Under the voluminous skirts of the effusively praised Jasper Johns retrospective on the fifth floor of the Whitney Museum of American Art, on the level usually reserved for educational programming, is a show of 30-or-so small works of art by women. Those represented, including better-known names like Lee Krasner and Louise Nevelson, belong to a generation of artists that broke with early-20th-century realist tendencies to engage in the kind of formal experimentation that laid the groundwork for the lions of abstract expressionism—Jackson Pollock, Willem de Kooning—who in turn facilitated the enormous success, and thus, the enormous retrospective, of Johns.

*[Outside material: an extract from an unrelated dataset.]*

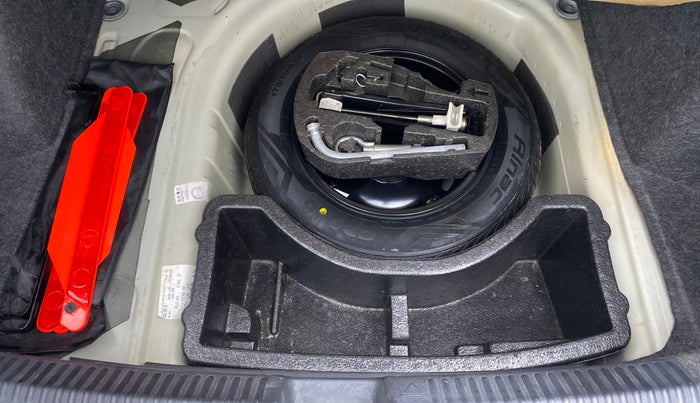 2014 Volkswagen Vento HIGHLINE DIESEL, Diesel, Manual, 1,05,831 km, Spare Tyre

In regards to the schedule of the museum, the whole thing is almost too perfect: the potent but unremembered seed and the mighty oak it grew are simultaneously on display. 

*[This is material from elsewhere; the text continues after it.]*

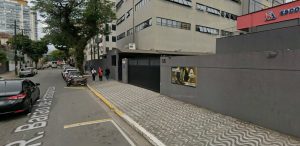 Sai Rua Barão de Paranapiacaba; entra Rua Rosinha Viegas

Organized by Sarah Humphreville, Senior Curatorial Assistant, the title of the show borrows from the name of a print by the Connecticut-born artist Alice Trumbull Mason, who was a student of Arshile Gorky’s in the late 1920s and early 1930s. The full title of that work, which is included in the show, is Labyrinth of Closed Forms (1945). An intaglio print that is barely a foot across, the artwork is an archipelago of biomorphic—and some more geometric—shapes composed largely of negative space. Several of these contain their own kidney-like forms, one is punctured by a hole, a pair intersects each other, and still others are tinted by a lighter grey than that which makes up the print’s background. But all of these are, as the title ensures, closed, which is to say that they are circumscribed by ink. If Trumbull Mason’s labyrinth—it bears noting that this vaguely Cubist print arrived just a decade after Picasso, already renowned, began obsessing over depictions of the Minotaur—is entailed by this darkness, her forms’ negativity, their material emptiness, paradoxically imbues their wholeness. 

The full title of the Trumbull Mason work is important because the show in which it is included is not so labyrinthian as it is defined. The artists and artworks that make it up constitute not only a community—albeit one marked as much by divisions and disagreements as by consensus—but also an aesthetic and political enclave facilitated by a feminist willingness to embrace both figuration and abstraction during a time as defined by humanity by its appalling absence.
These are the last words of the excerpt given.